I seen a PF-9 Kel-Tec at the range today. Looks like it's going to be a winner for packing. Ship you better see if you can find one, you might like it I did.


----------



## Shipwreck (Jan 26, 2006)

Baldy said:


> I seen a PF-9 Kel-Tec at the range today. Looks like it's going to be a winner for packing. Ship you better see if you can find one, you might like it I did.


Not really interested. I have my P99c and my Keltec 32. That's all I need.

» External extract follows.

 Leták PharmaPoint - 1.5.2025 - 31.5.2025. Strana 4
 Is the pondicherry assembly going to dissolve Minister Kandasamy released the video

Plus, I already shot a Keltec 9mm before a few months ago, and there was way too much recoil. Gun was almost the size of my P99c, yet 2x the recoil.


----------



## john doe. (Aug 26, 2006)

Shipwreck said:


> ... Gun was almost the size of my P99c, yet 2x the recoil.


Maybe it's you?:mrgreen:


----------



## Shipwreck (Jan 26, 2006)

No, I have seen others here comment about the Keltect 9mm being very snappy.... I think even Mike commented on it once.


----------



## STi (Oct 22, 2006)

PF-9 is snappier than p11 ..it appears that it has issues and even a possible recall....pics and reviews here.

www.ktog.org

I had a p-32 ...while the kel-tecs are decent budget guns the fit and finish is terrible...my brand new Hard Chrome P32 had scuffs and dings on the slide!! and the alloy rails will only last so long!


----------



## Shipwreck (Jan 26, 2006)

Well, i wouldn't have purchased a gun in that condition. Thats why I never buy a gun sight unseen - as some of the guys on the various forums do. I've previously been ready to buy guns (NEW guns) at gun stores, only to find an issue like what you are describing. Being that I have enough hassle buying a new gun in person, I'd never buy one on the net or in a similiar situation where I can't view it first.

I bought my O32 at a gun show, and I went to all the tables and found the best price, AND the best condition.


----------